What is ringworm?
Ringworm is a rash that is indeed ring-shaped, but it has nothing to do with worms. It is a common superficial fungal infection that appears as circular scaly patches (Figure 1) on the skin of the trunk, arms, legs, neck, or face. The medical term for ringworm is tinea corporis when it occurs on the body, and tinea faciei when it occurs on the face.
Figure 1. Typical ringworm lesions are red circles with raised scaly borders. Photograph courtesy of Dr. Kenneth E. Greer.
What causes ringworm?
Ringworm is caused by fungi known as dermatophytes, a term derived from the Greek words meaning “skin plants.” Dermatophytes are filamentous fungi that grow on humans, animals, or in the soil. These fungi live on keratin, a protein found in the outermost layer of human skin, as well as in hair and nails, but are not able to grow through the skin or cause internal disease.
The species that usually cause ringworm are Trichophyton rubrum, Trichophyton tonsurans, and Microsporum canis. Less commonly, Trichophyton mentagrophytes and Trichophyton verrucosum may also cause ringworm.
Ringworm is a contagious disease. Most people acquire ringworm from direct contact with another infected individual, but it can be transmitted through contaminated clothing, linens, towels, shoes, furniture, athletic equipment, or personal care items. It is also possible to catch ringworm from animals such as cats or dogs or from fungus in the soil. The species that usually live on animals, such as T. verrucosum, tend to cause a more inflammatory (redder, more raised, and itchier) form of ringworm when they infect people than the species that usually live on humans.
Wrestlers and others who engage in contact sports may acquire a widespread form of ringworm known as tinea gladiatorum (Figure 2). It is thought that direct skin-to-skin contact results in transmission of fungus from one wrestler to another, but contaminated mats and headgear have also been blamed. A study in the 1980s found that 60% of college wrestlers and 52% of high school wrestlers had ringworm at some point during one season.
People who have a fungal infection on one part of the body, such as athlete’s foot (tinea pedis), may spread the infection to other parts of their body, resulting in ringworm. Likewise, children who have a fungal infection of the hair (tinea capitis) may spread the fungus to their face or body.

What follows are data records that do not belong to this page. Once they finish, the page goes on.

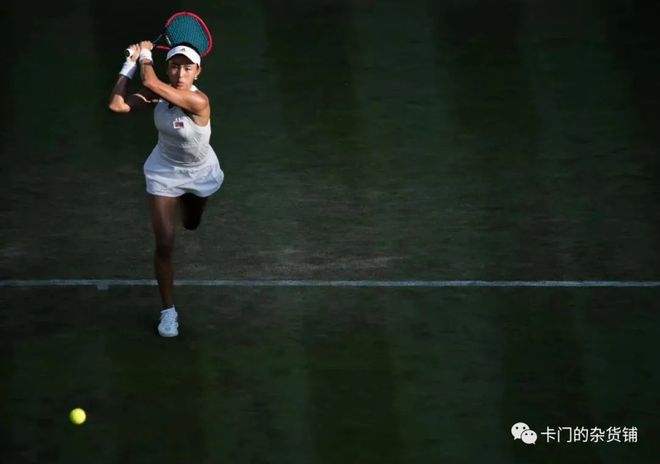 刚崭露头角 刚崭露头角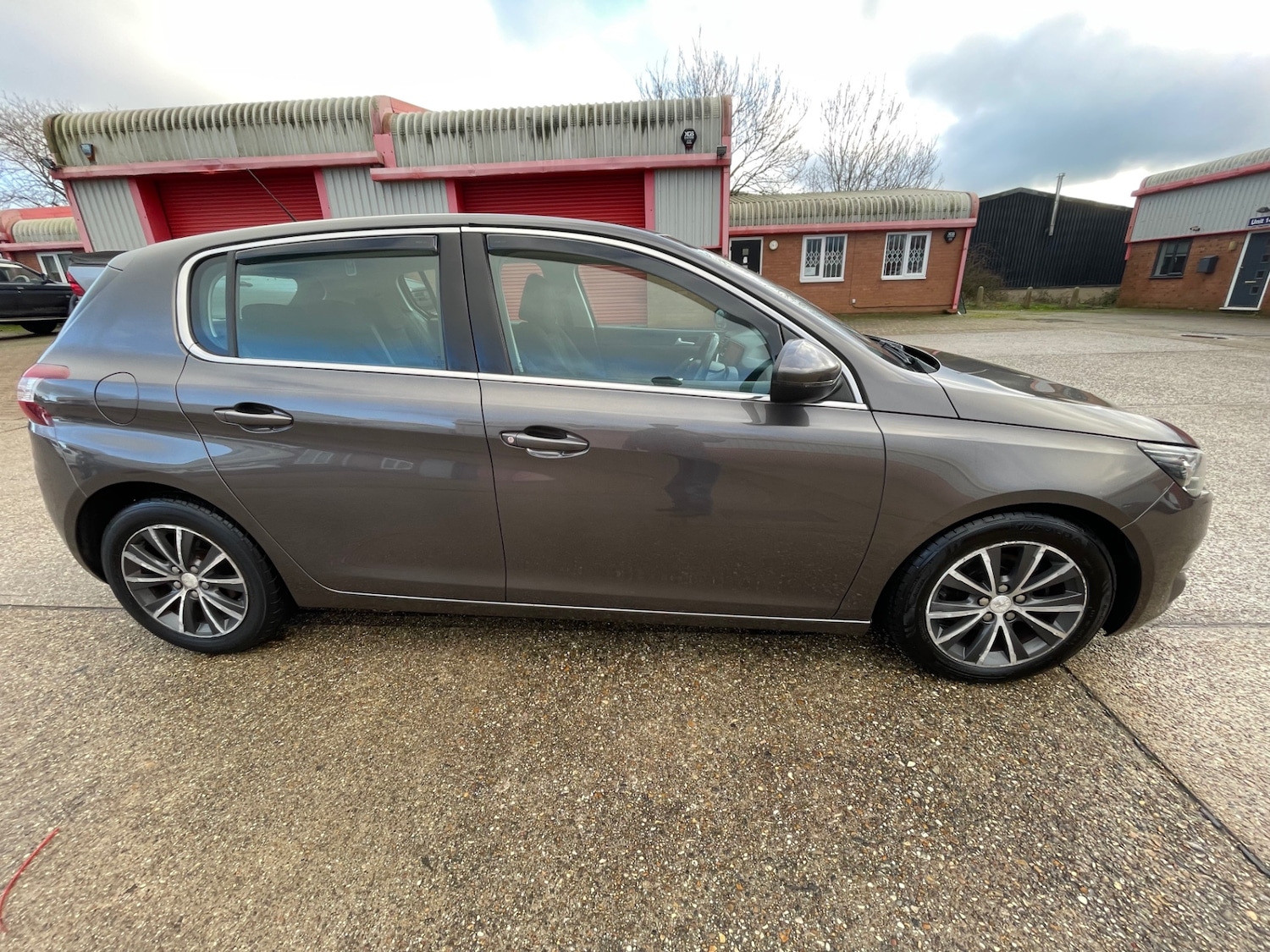 Used Peugeot 308 2015 for sale - 77271421: Photo 2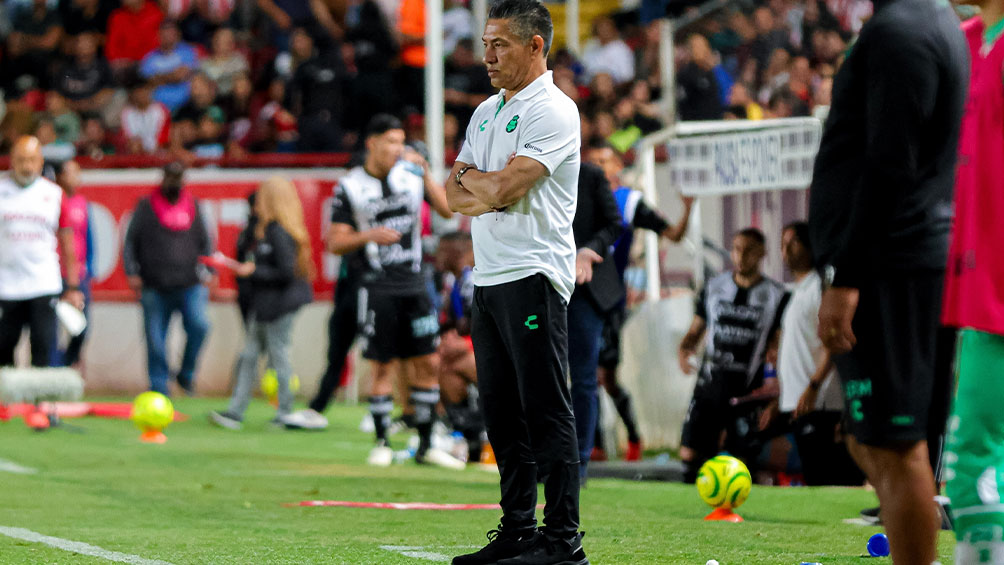 Ignacio Ambriz, técnico de Santos, observa el duelo ante Necaxa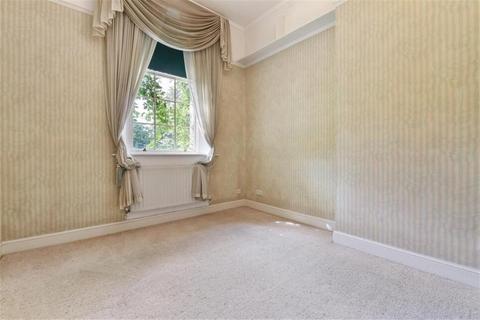 2 bedroom flat to rent, Forbes Place, King George Gardens, Chichester, PO19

Figure 2. Tinea gladiatorum in a young wrestler. Photograph courtesy of Dr. Kenneth E. Greer.
Who gets ringworm?
Ringworm occurs in adults and children of both sexes and all races. This is different from most superficial fungal infections, including athlete’s foot and jock itch, which occur almost exclusively in teenagers and adults.

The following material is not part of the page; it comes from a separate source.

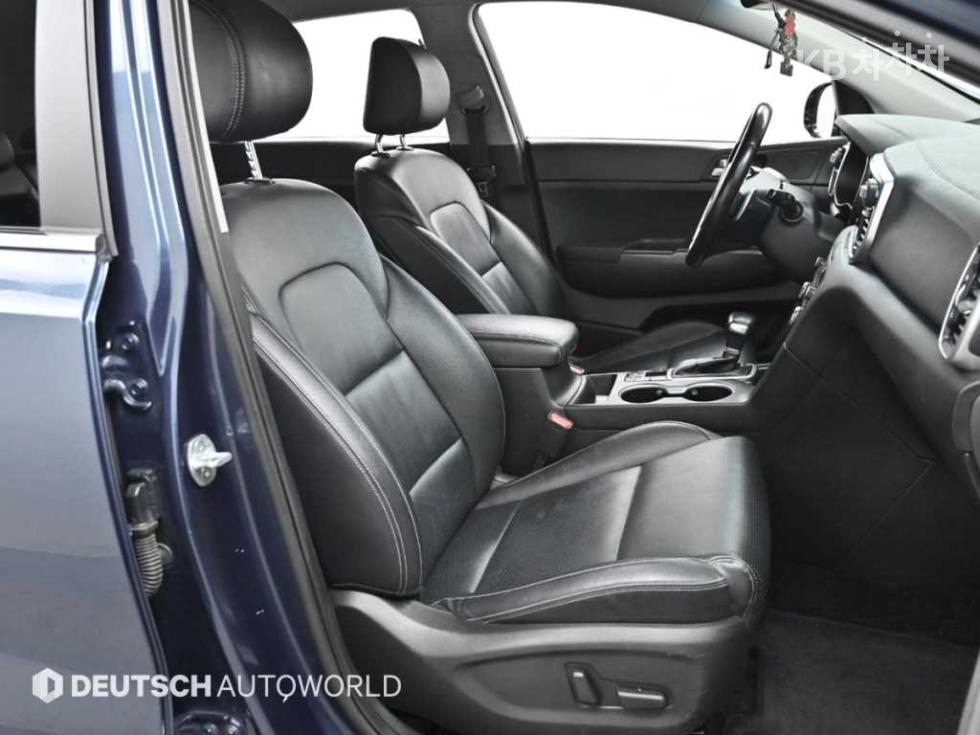 2021 - kia sportage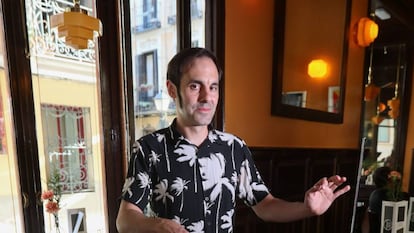 Javier Díez Ena, con un theremín en el Café de Ruiz.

Risk factors for ringworm include:
- having a superficial fungal infection of the scalp (tinea capitis) or feet (tinea pedis)
- exposure to household members who have superficial fungal infections
- use of shared equipment in locker rooms, gymnasiums, or health clubs
- participation in contact sports such as wrestling
- immunosuppression
- living in a hot, humid climate
What are the symptoms of ringworm?
Ringworm may be itchy or have no symptoms at all. Affected individuals usually seek medical care because of the appearance of the lesions.
What does ringworm look like?
Ringworm typically appears as a round, pink or red, flat patch or slightly elevated plaque with central clearing and scaly (flaky) or crusted raised borders (Figure 1). It generally begins as a small round spot that grows outward over weeks to months, forming a ring shape. Ringworm may occur anywhere on the exposed skin of the trunk, arms, and legs, though in wrestlers, it is most common on the head, neck, and arms.
Ringworm has several variants. It is not always circular or oval, but may be consist of more wavy, irregular lines (Figures 3 and 4). There may be multiple circles on one person (Figure 5). When caused by a fungus that usually infects animals, it may be bright red and raised, or contain pus bumps. It may be concentrated in and around hair follicles. When ringworm has been treated with topical corticosteroids, it may resemble other skin conditions such as eczema or psoriasis, making diagnosis difficult.
When ringworm occurs on the arms, legs, or trunk, it is called tinea corporis. When it occurs on the non-hairy skin of the face, it is called tinea faciei (Figure 6). Infection of the hair, nails, groin, feet, and hands is not considered to be ringworm and will not be discussed here.
Figure 3. Ringworm on the ankle has grown into a large irregular shape with scaly borders and central clearing. Photograph courtesy of Dr. Kenneth E. Greer.
Figure 4. A patient with extensive ringworm on the back, forming overlapping rings. Photograph courtesy of Dr. Kenneth E. Greer.
Figure 5. Multiple ringworm lesions, some with a more scaly appearance and others that are more inflamed. Photograph courtesy of Dr. Kenneth E. Greer.
Figure 6. Ringworm on the face in an adult. Photograph courtesy of Dr. Kenneth E. Greer..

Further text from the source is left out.